Next Saturday is Midsummer Day, and I’m the precentor of the children’s choir—we’ve a program planned outside on the green. If it doesn’t rain, there’s a festival as well. It’s—an important day in Wyckerley.” She subsided, and he could swear she was blushing again. Because she thought she’d sounded too eager to explain herself to him?

He made a great business of having trouble with his shirt, so she would help him put it on. It worked; and then he pretended his left arm was too stiff to bend, so she’d button the shirt for him. While she was doing it, he watched her face, which had gone very still, so close to his, so very lovely. She was anything but indifferent to him, he knew that now. Because he wanted to, he lifted his hand to one of the strands of her golden hair and drew it gently behind her ear. An audacious liberty. What would she do?

Her hands at his chest froze. She looked up, into his eyes, and he saw all her innocence and interest, the trepidation and the excitement, in her level blue stare. He bent his head to her; in one second, he knew they would kiss, and in the next, he knew they would not. Her doing—yes, but his, too, because such a thing was forbidden, and it was unthinkable. Still holding her gaze, unable to break it, he took a step back, then another.

The distance steadied them. She ran her left hand nervously up and down her right arm, clearing her throat. “Go and see Dr. Hesselius tonight. He’ll be home by six, I should think. His house is directly across from the inn. The First and Last Inn,” she specified—unnecessarily, since there was only one inn in Wyckerley. “You’ll go and see him, won’t you?”

“Yes.”

She nodded, relieved. “And don’t come to work tomorrow. He’ll probably sew up your arm, and you’ll need a few days to rest it.”

“No, I’ll be in tomorrow.”

“But that’s
foolish.

He walked to the door. “Will you pay me for the time I spend recovering?”

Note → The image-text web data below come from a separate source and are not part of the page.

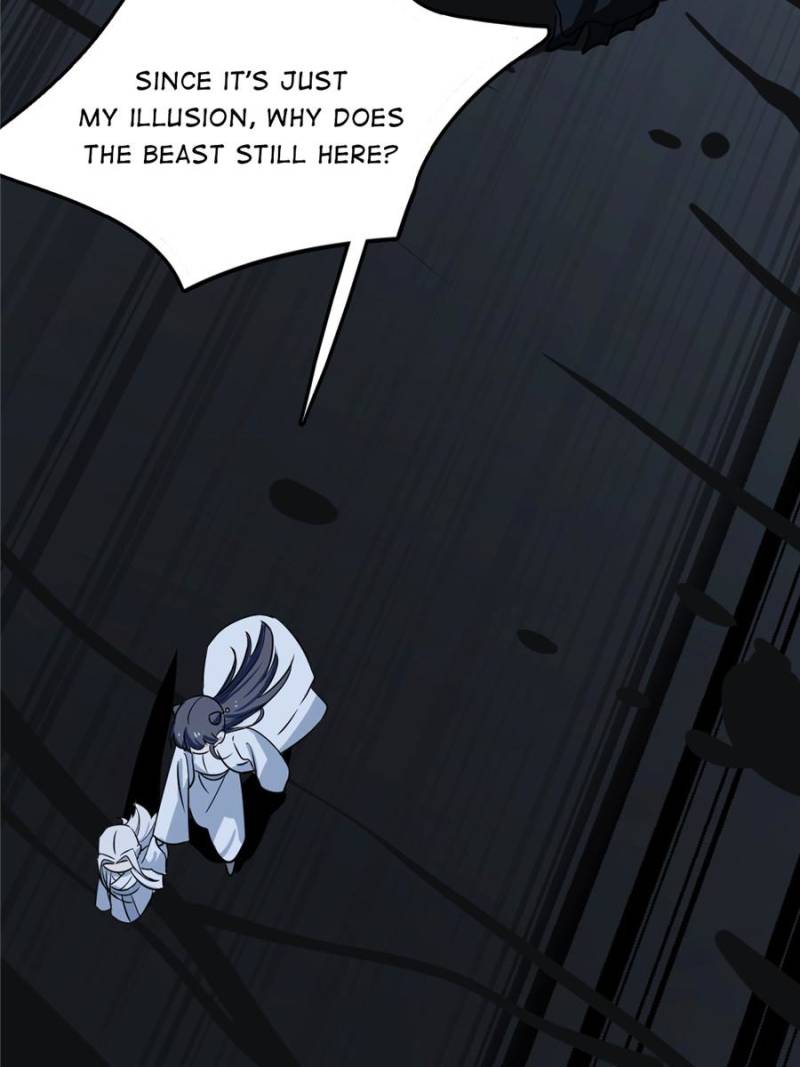 Queen of Poison: the Legend of a Super Agent, Doctor and Princess chapter 46 page 37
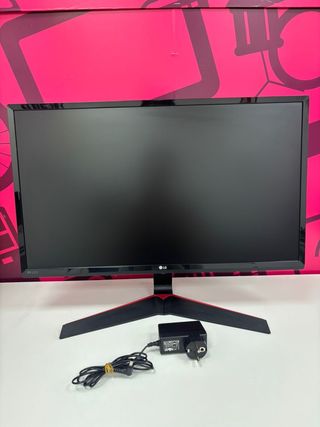 Monitores  LG 24mp59g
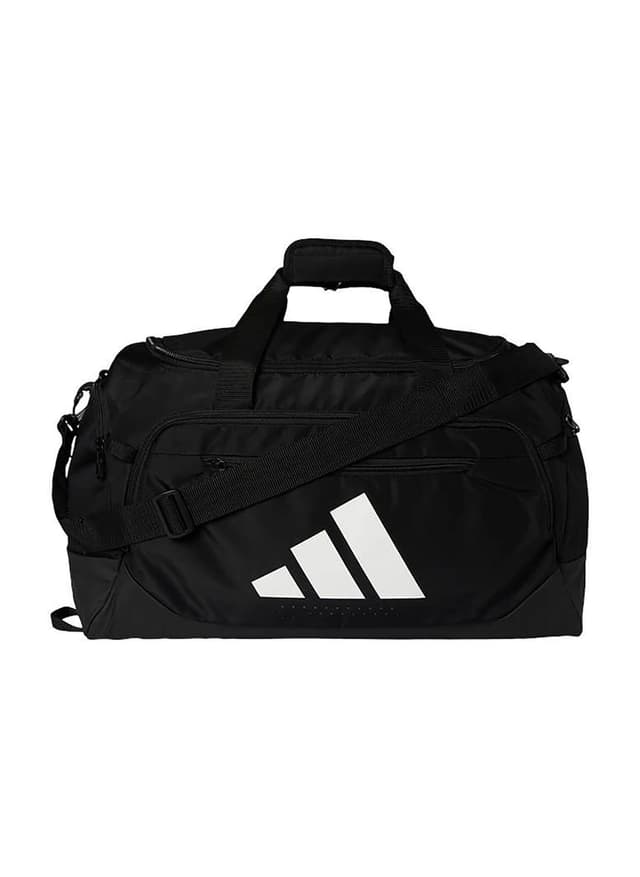 Adidas Defender 5 Small Duffel Bag - Black MISC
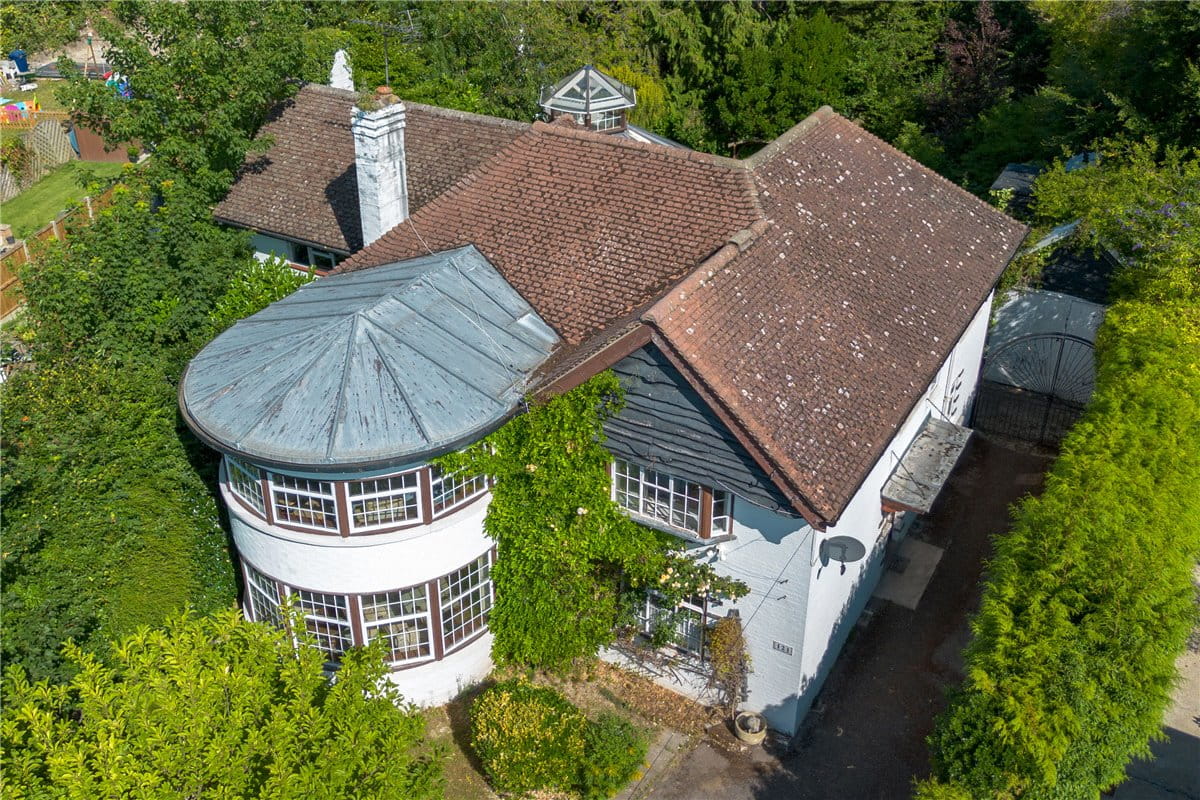 5 bedroom house, Queen Ediths Way, Cambridge CB1 - Available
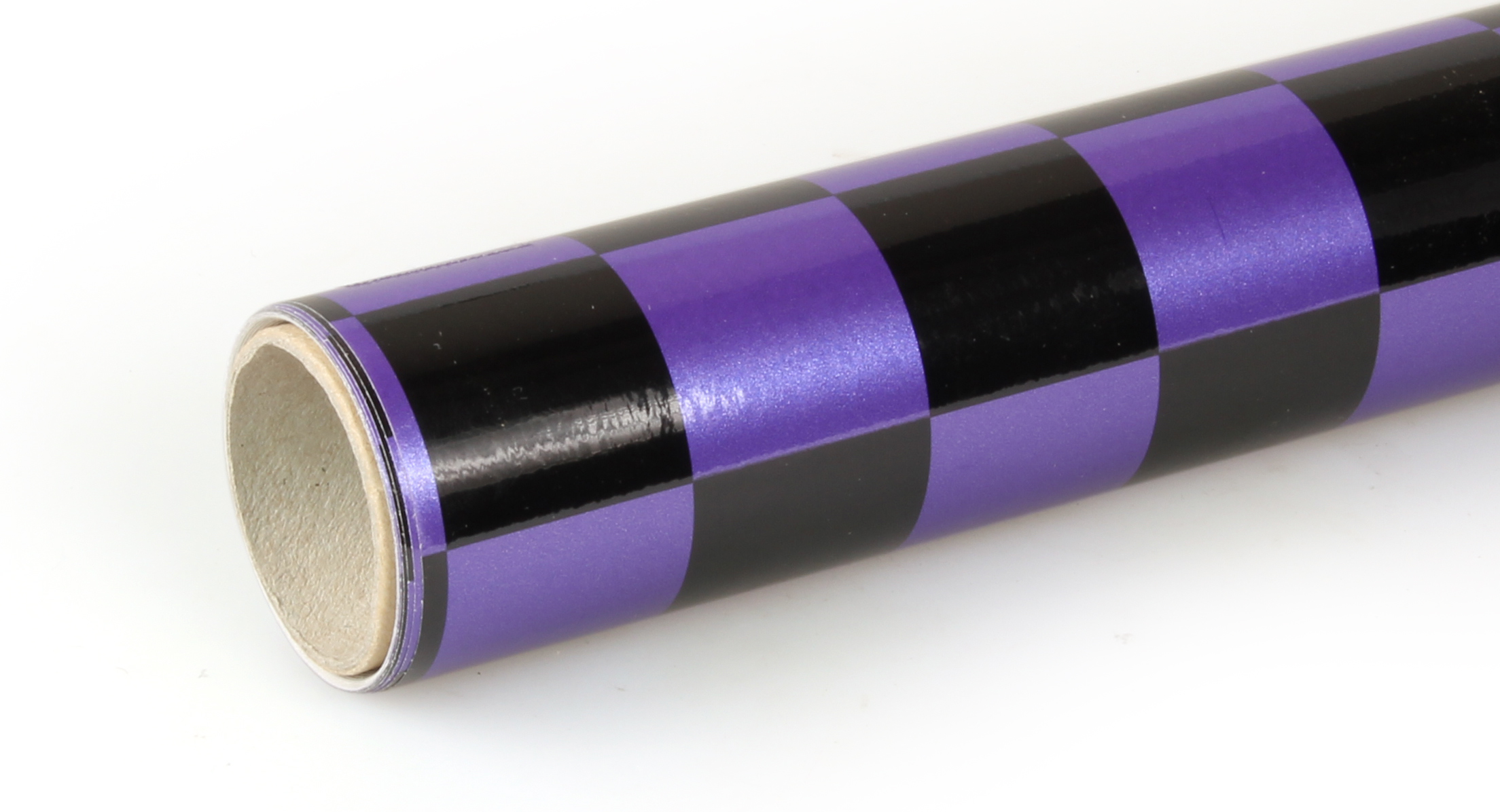 2m-oracover-fun-3-medium-chequered-pearlescent-purple-black-60cm-width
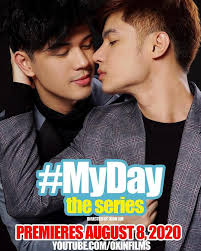 见习烘焙男友全集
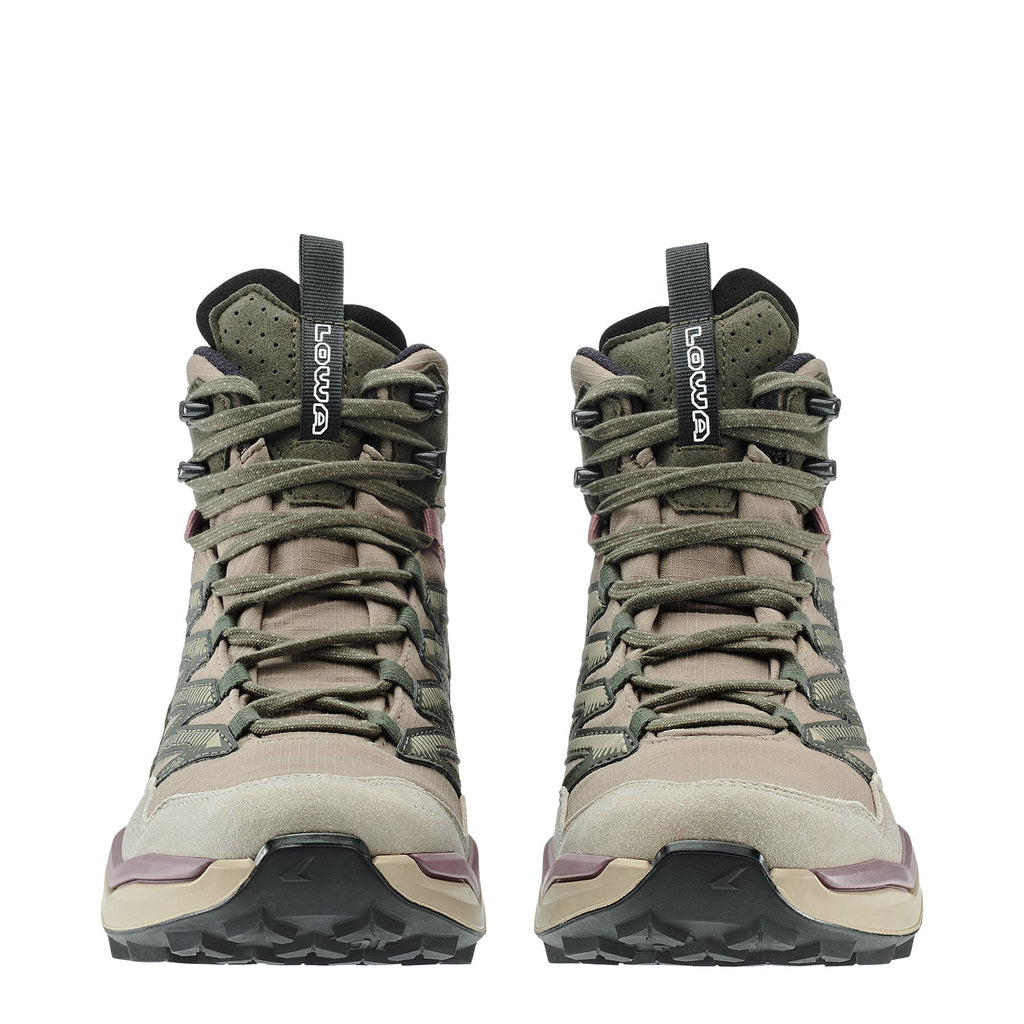 MADDOX PRO GTX MID WS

“Pay you? No. Pay you when you’re not working?” She was nonplussed—honestly bewildered.

“It’s a novel concept,” he conceded mildly. “Coal miners in Durham are striking for it.”

“Striking.”
Her eyes widened in horror; she said the word like a curse.

He couldn’t help smiling. Or saying the word again. “Striking.” He tipped an imaginary hat. “See you on Saturday, Miss Deene,” he said, and left her alone.

VI

Midsummer Day, June twenty-fourth, wasn’t what it used to be. Twenty or thirty years ago, people from all the neighboring villages in St. Giles’ parish flocked to Wyckerley for the annual festival, which in those days had also served as a midyear hiring fair. But that function had gradually fallen into disuse, superseded by bigger, showier fairs in Tavistock and Plymouth, and now Midsummer Day in Wyckerley was chiefly an opportunity for the locals to have a half holiday, gather on the green on a typically glorious day, and amuse themselves with games and entertainments, contests and music, refreshments, a rummage sale, and anything else the All Saints Ladies’ Vestry Committee could think of—because the proceeds of the day went toward financing church programs for the rest of the year.

The rummage sale this year, thanks to a vigorous solicitation campaign for donations led by Anne Morrell and Emmaline Nineways, was, by eleven o’clock in the morning, a rousing success. Villagers eager for bargains scoured the tables set up in the grassy back garden of the vicarage, choosing from a wide array of secondhand treasures. Two items were deemed to be so especially desirable—Captain Carnock’s collection of military memorabilia and a dozen of the blacksmith John Swan’s finest handmade fishing lures—that written bids were being taken on them for an auction to be held at the end of the day.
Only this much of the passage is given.